Let's take a brief reality check.
It's an open secret that the FBI, CIA, NSA and a whole load of other agencies have been spying on people like Forsyth since the day that they were founded.
It's not new, it's not secret, and it's most certainly not surprising. Agencies have spied on everybody from foreign ambasadors to the Beatles. The only part of this story that is surprising would be the idea that they'd botched the hack. They'd usually be in and out without being noticed.
This story could well be 100% true. The feds spying on the wife of a dissident author who's in the midst of a delicate political situation in an unstable yet stragetically important country. The feds and/or the Pentagon does this kind of thing on a daily basis.

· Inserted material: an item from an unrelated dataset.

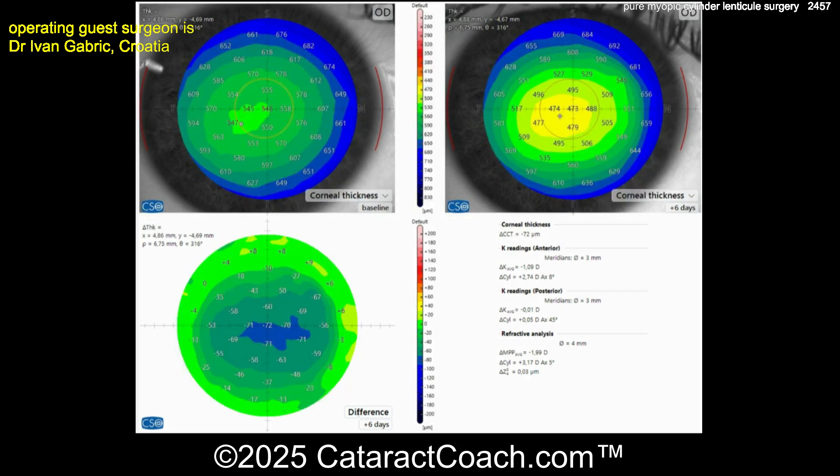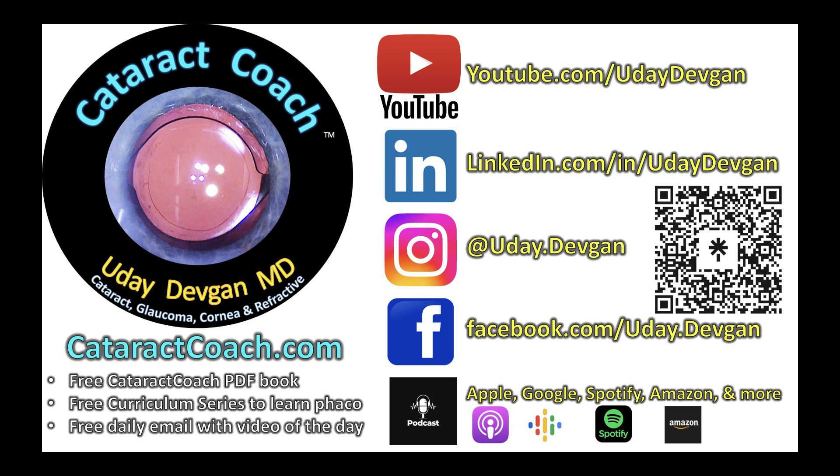Now you can look at the pachymetry as well. Top left corner is the pachymetry before surgery, and top right corner is the pachymetry after — you can see a little bit of tissue was obviously removed. The bottom left is the difference map. This is six days post-op, and you can see the lenticule at the very edges is almost zero — basically zero microns — and the center is about 72 microns. Beautiful treatment here. Check out that podcast — it's everywhere you find podcast services. The sole purpose of the podcast is to make you a better and more successful ophthalmologist.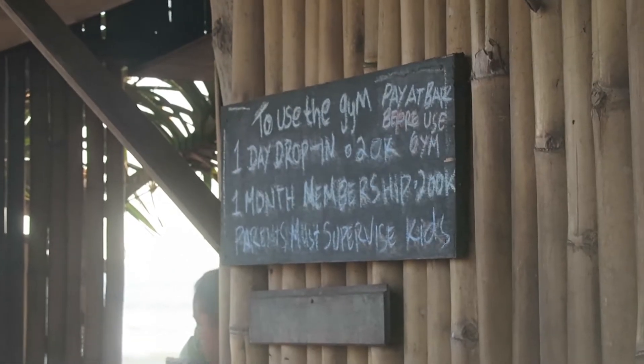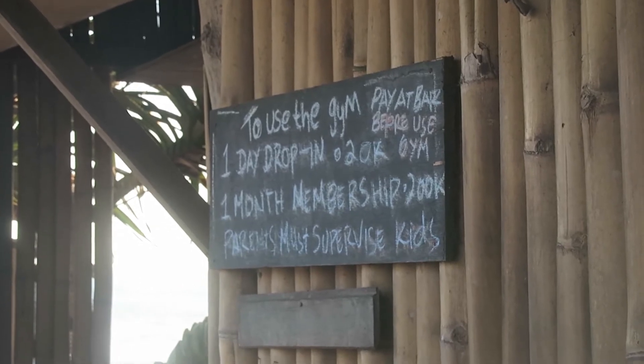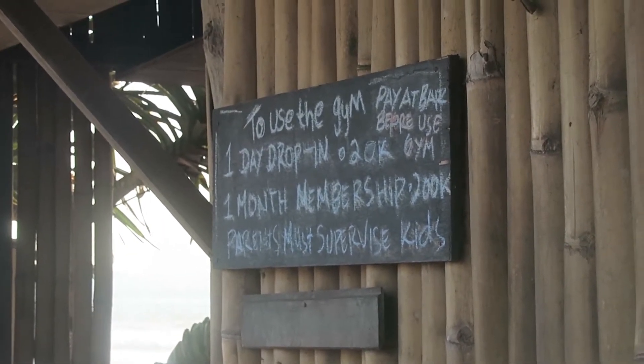I just wanted to share this workout with you guys. If you're in the Canggu area — I was going to call this video 'Free Workout in Canggu' because I thought this gym was free, but as I was working out today I saw a sign that says drop-in rate 20k, which is about two Australian dollars, $1.40 US. Definitely affordable, but I feel a bit of a dick now — I'll have to bring some money next time. Yeah, $1.40 US pretty cheap, and you can get a monthly for 200k, so that's about $14 US.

It's already been proved that the NSA has done a lot worse. Remember back in 2003 when they were found to have bugged meetings at the UN.
Hacking a laptop is nothing compared to that.
NSA outsources hacking to indians - a couple of journo's laptops go foomf.
Seriously if he is a regular traveller and takes a hard drive through the UK/US X ray machines then he should know you are talking about maybe 20+ trips before drive failure. When I worked at cray, machines would die between 20 and 40 trips. Given much higher platter and chip densities (and the same crappy machines in airports), 20 rather than 40 is probably the correct limit.
Putting on my black jacket with "plausible deniability" in FBI dayglo.
"How do I delete my browser history? No, really, it's important! I need to get it done before my husband gets back, otherwise our marriage is over!! I can't let him see *those* sites!! What do you mean, you don't know?! Oh, whatever..." <smash>
<ring> "Hello darling? Yes, the NSA just hacked into my laptop and broke it."
...so, either the NSA lent on the beeb, and got the 'revelations' removed. OR the editors of the programme thought they where bonkers, and removed them, and the source of this story then comes form Forsyth's publicity machine.
Seriously though, his accusation that all phone calls and e-mails are monitored by the NSA. For someone who supposedly prides himself on authenticity, he really should know how impossible that is (or at least use PGP!)